[[ RECORDS SHOWN open ]]

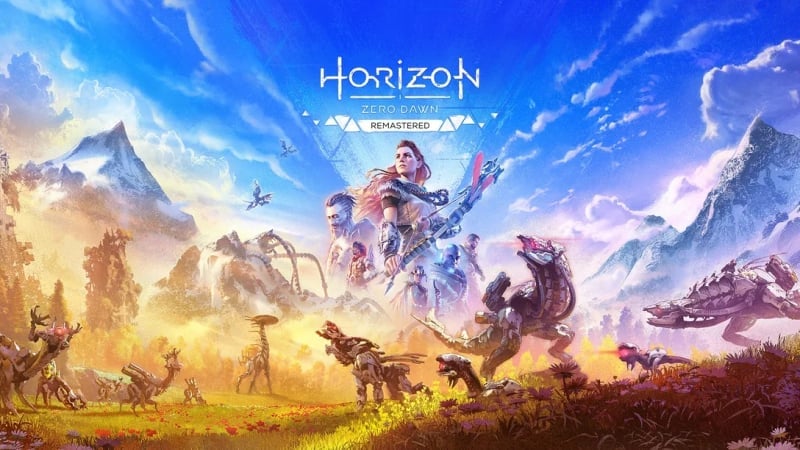  PS5-re jön a Horizon Zero Dawn Remastered 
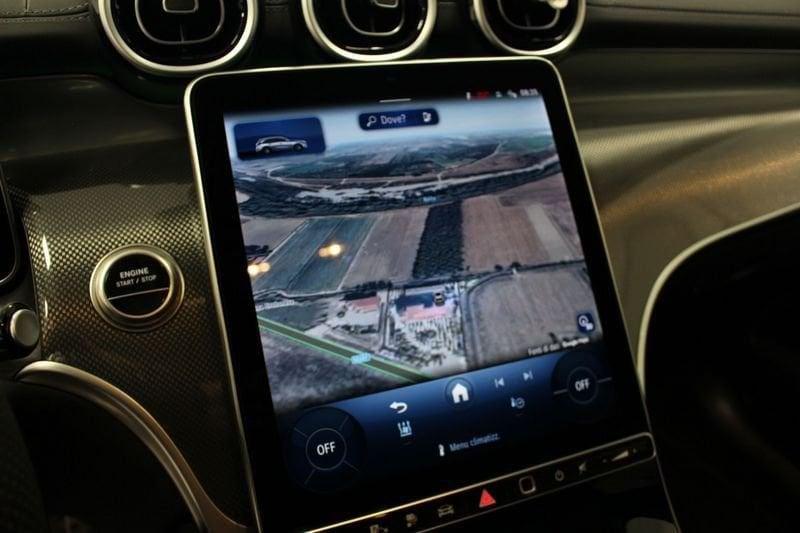 Mercedes-Benz GLC 300de 4M PHEV AMG Line Premium Advanced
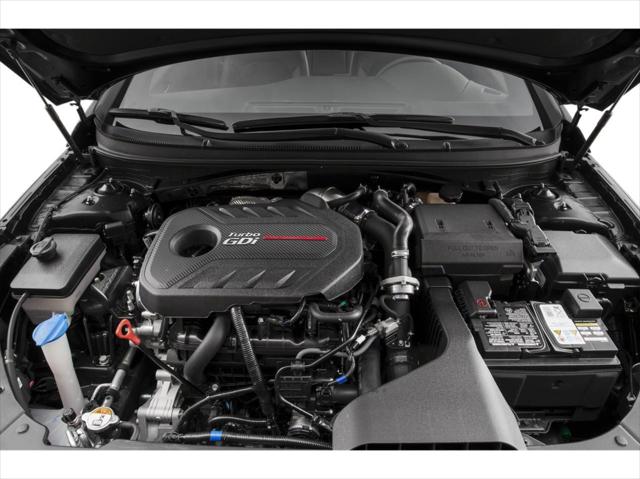 2019 Hyundai Sonata Sport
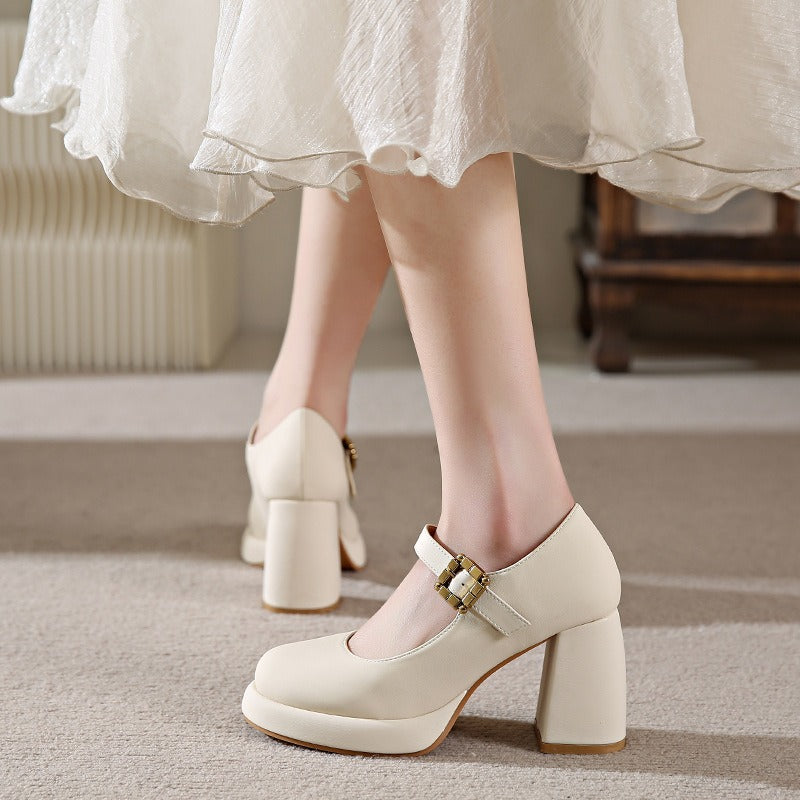 Luzere™  | Talons Élégants et Confortables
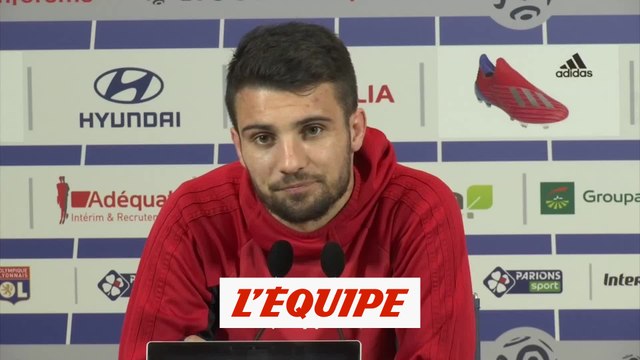 Dubois «Confirmer notre résultat obtenu face au PSG» - Foot - Coupe de France - OL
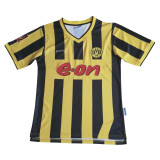 Borussia Dortmund Retro Home Jersey Mens 2000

[[ RECORDS SHOWN closed ]]

• WHAT TO PRODUCE: The lines from the one containing "France - OL" through the end of the data above are to be copied exactly, both ends included, and pictures are to be omitted.

• RESPONSE TO THE TASK:
 Dubois «Confirmer notre résultat obtenu face au PSG» - Foot - Coupe de France - OL
 Borussia Dortmund Retro Home Jersey Mens 2000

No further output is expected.